I told nobody, not even Betty. They might all freak out and send me to an asylum, to try to download my brain or something.
At my next set of tests and quizzes in school, it was freaking unbelievable how easy everything became. I didn’t do anything stupid, except answer the questions. In our school, the teachers still graded your tests before you left class and you got your grade to take home to your parents.
In the classroom, I had my test about Oliver Twist, I saw Miss Myers grading my test, looking me, shaking her head and finishing up. Everybody got his or her test back, but me. She called me up and asked, “How did you cheat on this, Priest -- tell me now?”
“I didn’t cheat, I answered every question, and I didn’t cheat.”
“How do you explain you got a perfect 100% on the test?”
“I had a good teacher?”
“Don’t be flip with me, young man. Go on to your next class.”
Math class, English, Geography, History -- I got 100% on all my tests, and they all assumed I cheated, somehow.

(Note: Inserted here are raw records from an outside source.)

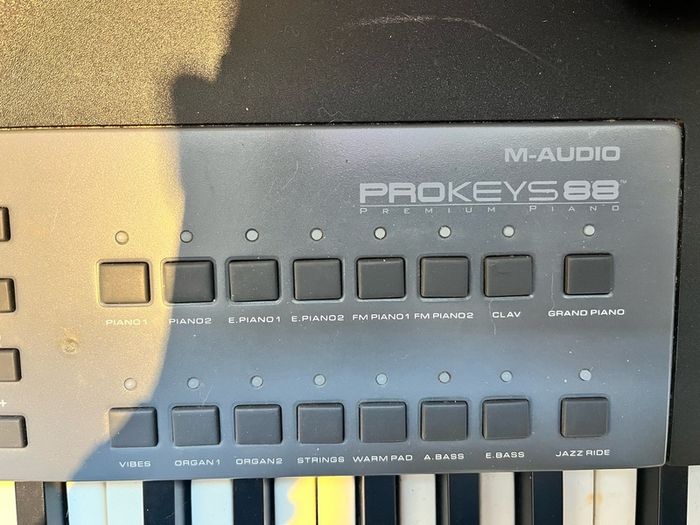 M-Audio Prokeys M88 Keyboard + Stand + Trust Speaker set w Sub-Woofer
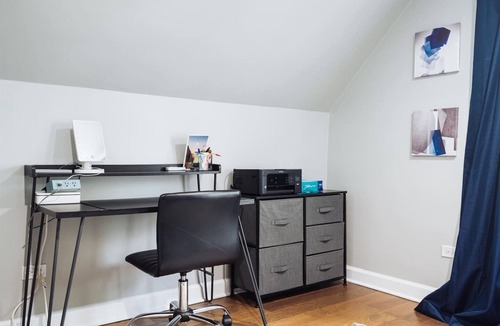 Avondale Apartment | Great Area Logan Square Apt Games Pets - Sleeps 5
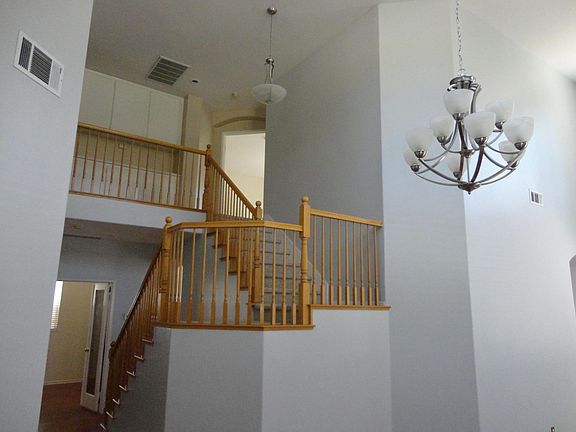 4th image of 30950 Branford Dr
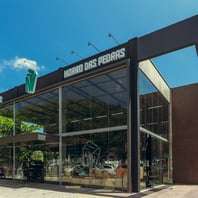 Fachada envidraçada do CrossFit Morro das Pedras em Florianópolis, box localizado no sul da Ilha.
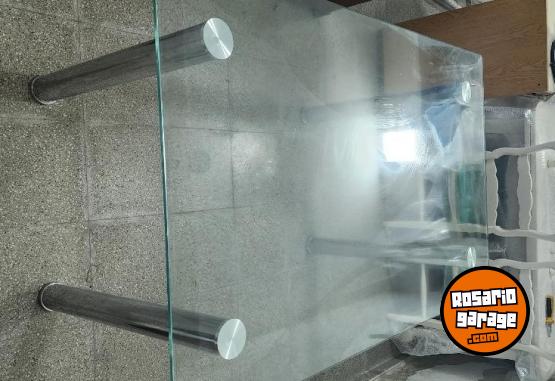 Hogar - Mesa comedor moderna vidrio templado patas cromadas - En Venta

At the end of the day, I was stopped by Principal Harris’ office and was given a sealed envelope to take home to my parents. He told me he would be calling them to expect it.
I rode my bike home, took the letter and gave it to my dad, telling him it was from my principal.
He took it, telling me to stay put so he could look it over. After he had read it, point blank, he asked, “Did you cheat on all of those tests. I never taught you how to cheat. Do you know what happens to cheaters?”
“They never prosper,” I answered. I had had this conversation before when I did cheat, over a year ago.
“I am going to ask you this only one more time, did you cheat?”
“No sir, I did not. And I can prove it?”
“How can you do that, explain that to me – right now?”
I got out my school math book, handed it to him and asked him to find some questions in the back of the book, where there were questions and the answers, of stuff I hadn’t yet been taught how to do?
He put it up close so he could read it aloud, “This looks more difficult than the math I remember, here goes, ‘H to the 8th times H to the 7th – what’s the answer, Jeff?” That’s my middle name. He sometimes used it.
Like a light bulb, I said “H to the 15th, sir.”
“How do I know you didn’t just memorize this whole back of the book?”
“Dad, I never have done more than a teacher has ever asked. I don’t know why, but now I understand. I can’t explain it; my brain has finally clicked on. I’ve been one of those people who rises to their own level of incompetence.”
“You really got every question right on eight tests in eight classrooms, on eight different subjects – without cheating?”
“Dad, last year, I wasn’t good enough at cheating to keep from getting caught. Now, I’m suddenly smart ... and everybody thinks I’m a cheater. That sure doesn’t seem fair to me, but you’ve always been a believer of the adage, ‘Life isn’t Fair.’ I’m ready for whatever punishment you think is fair.”
I lowered my head, closed my eyes and waited for his judgment.
“I’m not going to yell at you, or hit you, or anything like that. Maybe, just maybe, we should move you to seventh grade at a different school. That way, your past won’t be known by as many people.”
“You’d let me do that, really? I don’t want to cause any trouble.”
“Come here,” he said. I did, and he gave me a hug. My dad doesn’t do hugs. “Maybe, I’ve been too tough on you, being the oldest and all. You’ve got the weekend to yourself, so think about it. If you want, we can transfer you to Ulysses S Grant Middle School. You’ll have to pass their requirements, but I believe that won’t be any trouble at all for my oldest boy.”